In one way, the Parsons MFA is quite similar to its peers. “All of the top MFA programs work with the students to define their identities and push the industry forward,” Fox says. For this purpose, she employs assignments like “Hole in the Map,” which starts off the course. Each student receives a map of Manhattan with a hole in a location with the directive to research, visit, observe, and think. “We try to get them to realize there’s things they take for granted every day because they’re looking but not seeing. We break down the preconceived notion of how a fashion designer works or should work,” she explains.
A particularly unique way Fox forces the students to examine themselves is through the use of photo and video. This multidisciplinary approach was inspired by Fox’s own personal experiences—she produced films of her own collections when she didn’t have the money for presentations—and made possible by the fact that the MFA program has access to the human and technical resources of the New School as a whole. For example, students were immersed in fine arts by a Parsons professor who took them to the Whitney Biennial and on visits to artists’ studios before asking them to make a two-minute film—without using any of their clothes.

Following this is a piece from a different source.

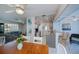 Open living area featuring dining room, kitchen, and living room at 18451 Goodman Cir, Port Charlotte, FL 33948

Fox’s use of the larger university does not stop at the arts. Each student is required to take two electives (a class comparing Alexander McQueen to Steve Jobs and analyzing moments of inspiration was a favorite) and attend seminars across anthropology, design innovation, history, and more. This curriculum is designed to allow students to get in tune with how other disciplines feed into their work. Case in point is Carly Ellis, whose creative process for her thesis led her from streetwear to a documentary on South Africa’s Ndbele tribe to candy on newsstands to pixelated Skype screengrabs. The result, a print-intensive collection of elevated streetwear separates, references each inspiration without resorting to literalism.
Beyond the university, Fox also draws on the vast resources of New York City itself, bringing in designers like Olivier Theyskens and Karan herself as well as buyers, entrepreneurs, and corporate executives. The great advantage of Parsons’ New York location, she says, is its “connections, its vitality, its links to the industry.” While all MFA programs develop the talent of their designers, it is important to Fox to balance that growth with an understanding of fashion as a business, inviting, for example, former Barneys Fashion Director Julie Gilhart to address the students. “When I was taking my work to Paris and certain stores weren’t buying it, I couldn’t understand why,” Fox recalls. “For the student to understand how buyers think is so important.”
The students Fox is currently sending off into the fashion industry, several to American design houses, are embodiments of this unique MFA program. Besides their spectacular talent and creativity, their eclectic education has made them capable beyond even Fox’s expectations. “They are so dynamic,” she says of her first eighteen. “They’re brilliant at surviving. If they want to get something, they do.”